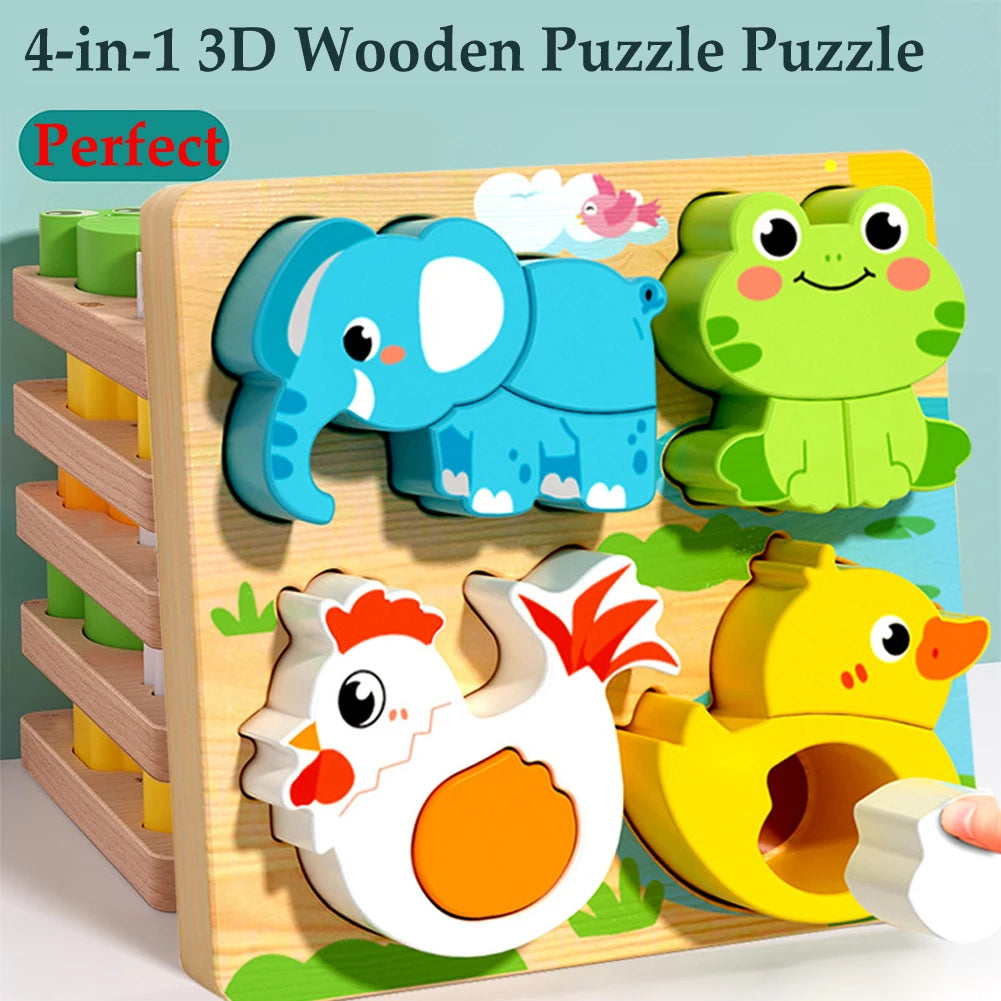 TinySmart Animal Friends Wooden Activity Puzzle
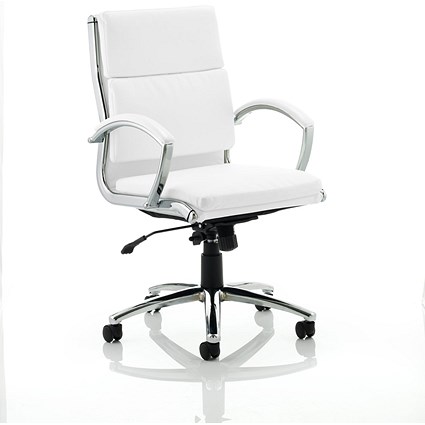 Classic Medium Back Executive Chair, Fixed Height Arms, White Classic Medium Back Executive Chair, Fixed Height Arms, White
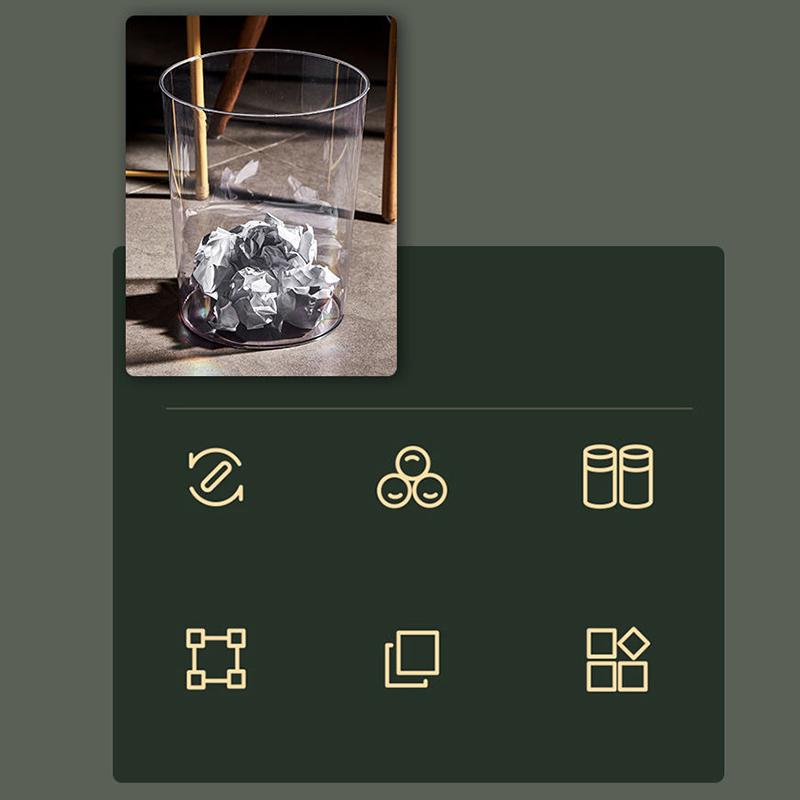 Transparante Prullenbak Zonder Deksel Afvalbak Thuis Kantoor Bureau Afval Afvalcontainer Afvalmand Keuken Vuilnisbak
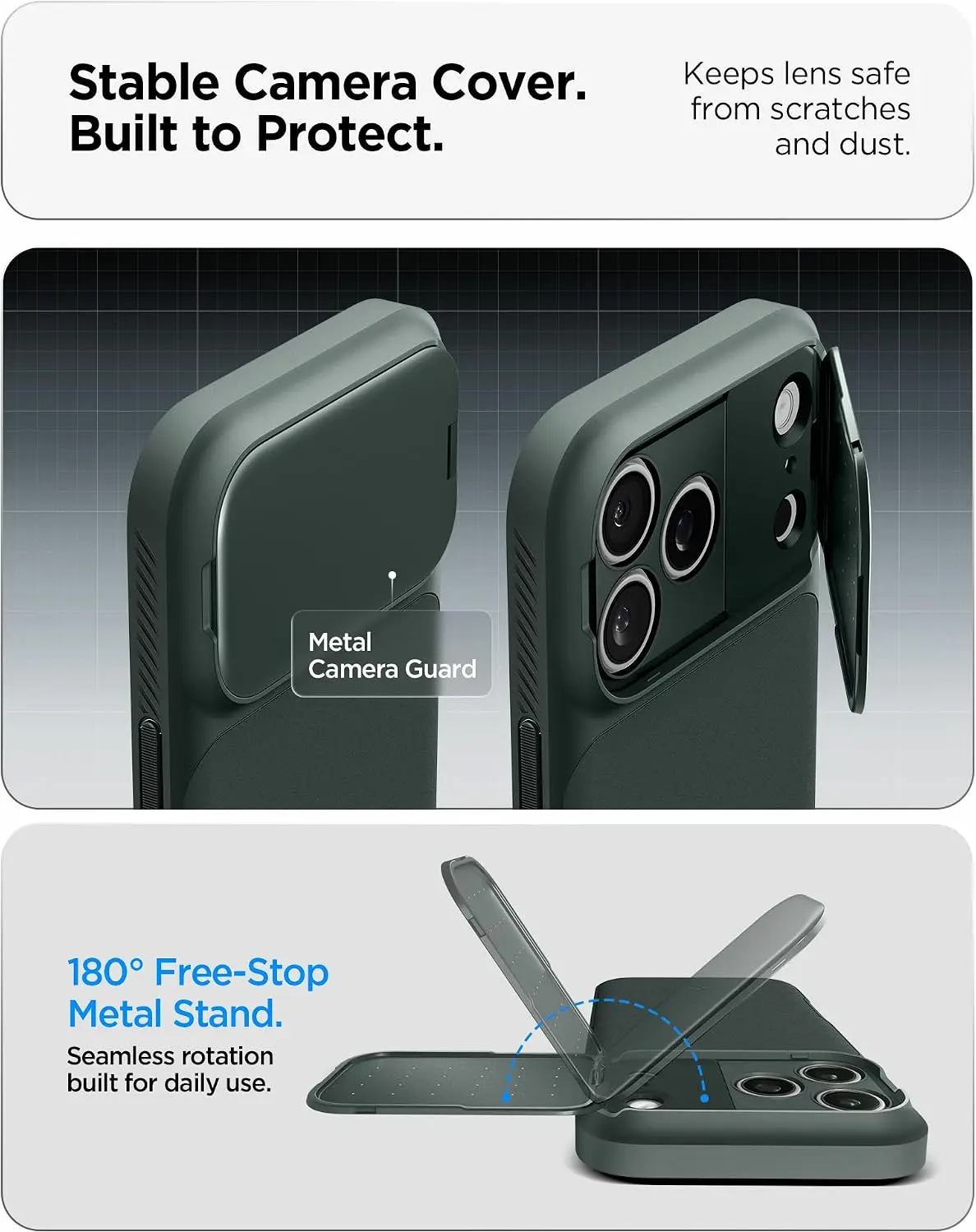 Spigen Optik Armor MagSafe iPhone 18 Pro / 17 Pro Hoesje Camera Slide Groen afbeelding 4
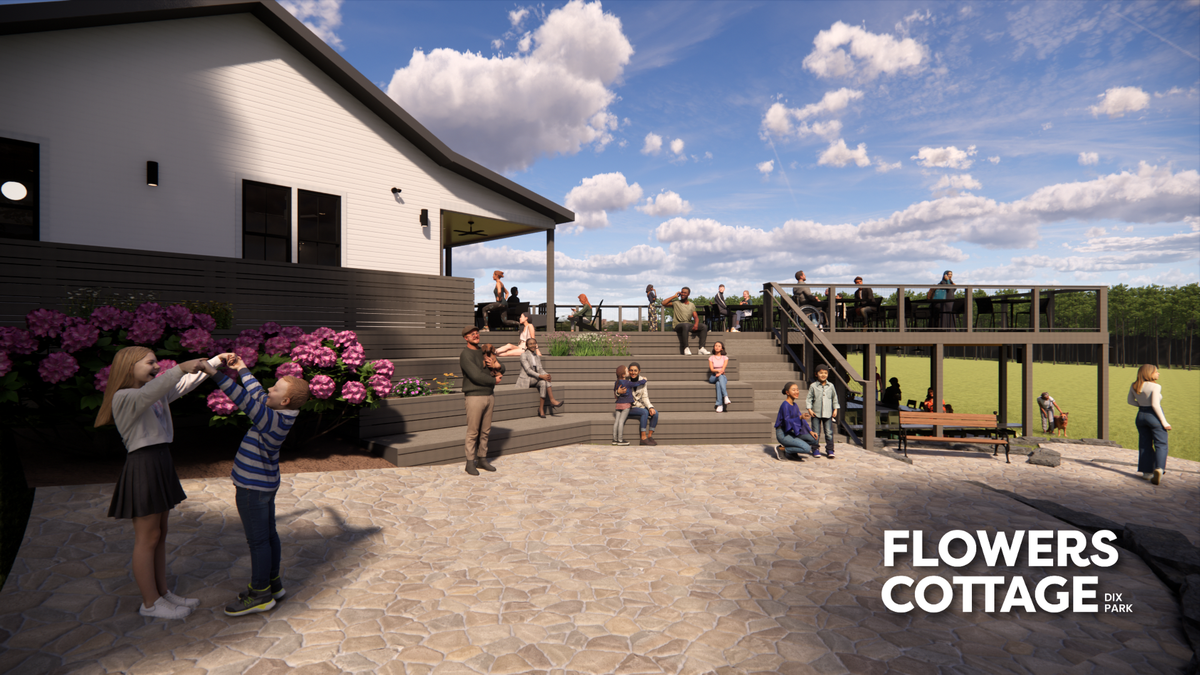 The remodeled Flowers Cottage will feature an open “back yard” adjacent to the Flowers Field, on the west side of Dix Park.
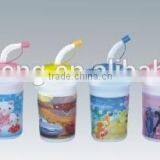 Reusable Plastic Kids Drinking Cups With Lid and Straw thumbnail-1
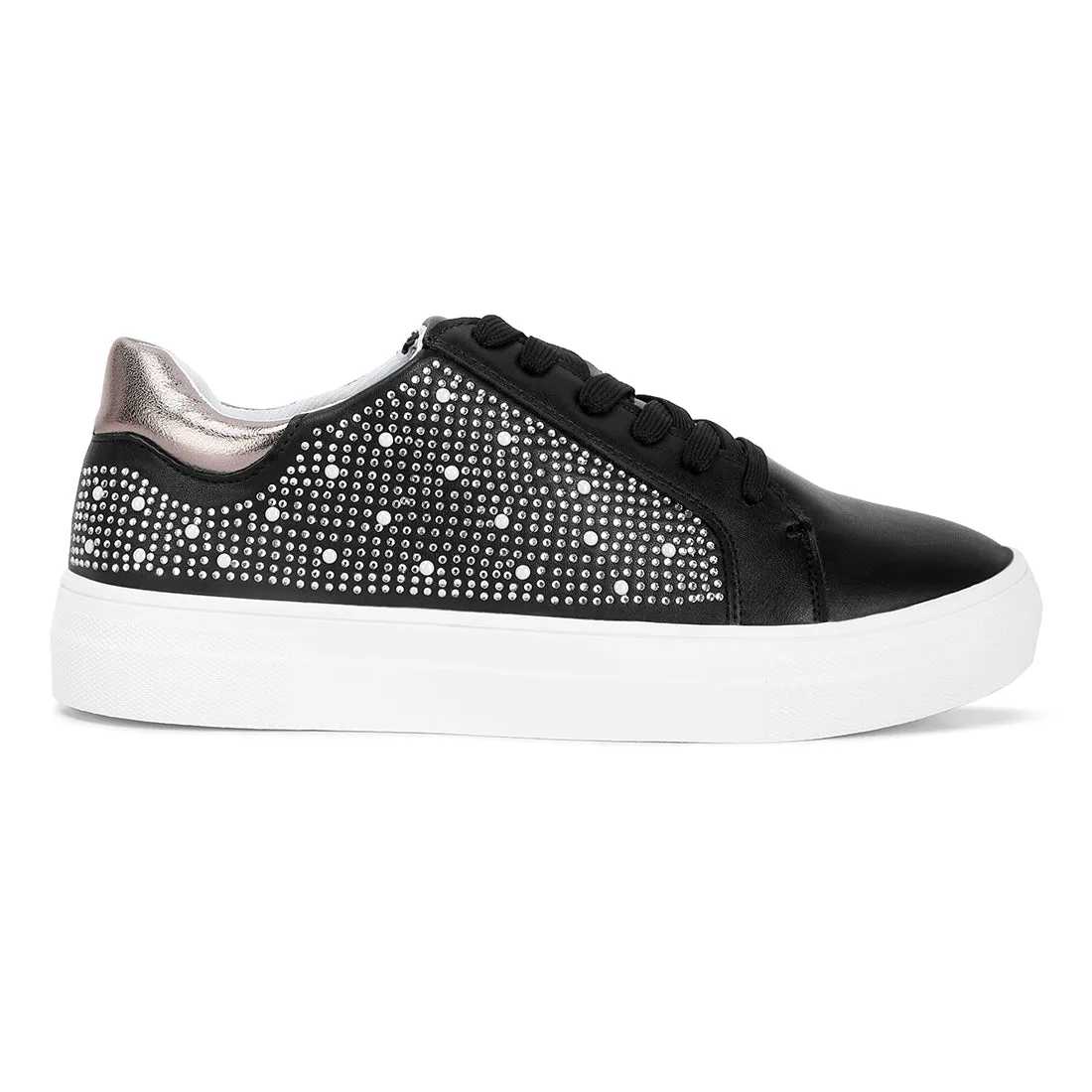 Rhinestone & Pearl Embellished Sneakers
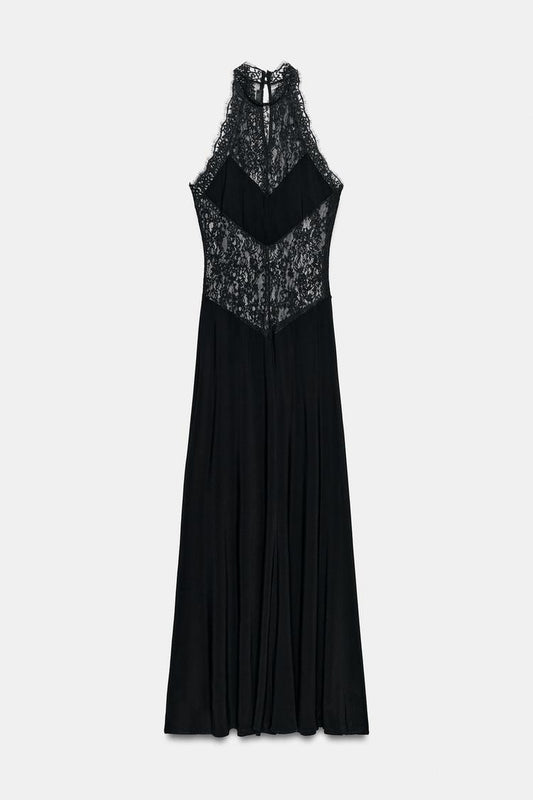 Lindsay Sheer Lace Halter Maxi Dress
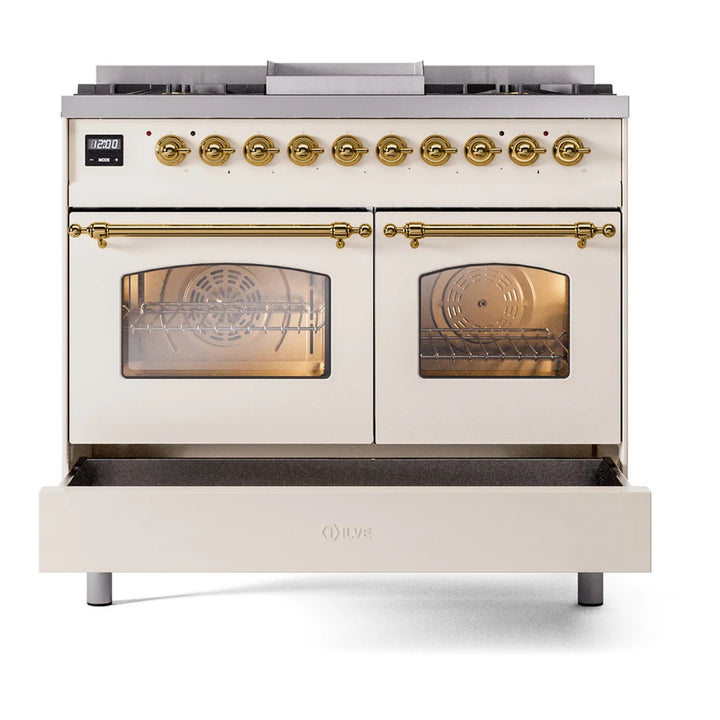 ILVE Nostalgie II 40" Dual Fuel Freestanding Range in Antique White with Brass Trim, UPD40FNMPAWG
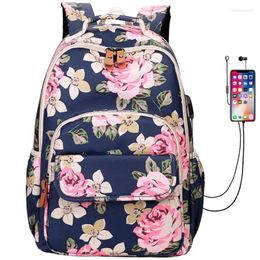 Sacs d'école décontracté femmes sacs à dos sac en nylon imperméable pour adolescents étudiants bookags USB sac à dos quotidien de dame impression fleurs sac à dos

--

_Exercise requirements_: Drop the pictures; repeat the listing above exactly.

_Written response_:
 TinySmart Animal Friends Wooden Activity Puzzle
 Classic Medium Back Executive Chair, Fixed Height Arms, White Classic Medium Back Executive Chair, Fixed Height Arms, White
 Transparante Prullenbak Zonder Deksel Afvalbak Thuis Kantoor Bureau Afval Afvalcontainer Afvalmand Keuken Vuilnisbak
 Spigen Optik Armor MagSafe iPhone 18 Pro / 17 Pro Hoesje Camera Slide Groen afbeelding 4
 The remodeled Flowers Cottage will feature an open “back yard” adjacent to the Flowers Field, on the west side of Dix Park.
 Reusable Plastic Kids Drinking Cups With Lid and Straw thumbnail-1
 Rhinestone & Pearl Embellished Sneakers
 Lindsay Sheer Lace Halter Maxi Dress
 ILVE Nostalgie II 40" Dual Fuel Freestanding Range in Antique White with Brass Trim, UPD40FNMPAWG
 Sacs d'école décontracté femmes sacs à dos sac en nylon imperméable pour adolescents étudiants bookags USB sac à dos quotidien de dame impression fleurs sac à dos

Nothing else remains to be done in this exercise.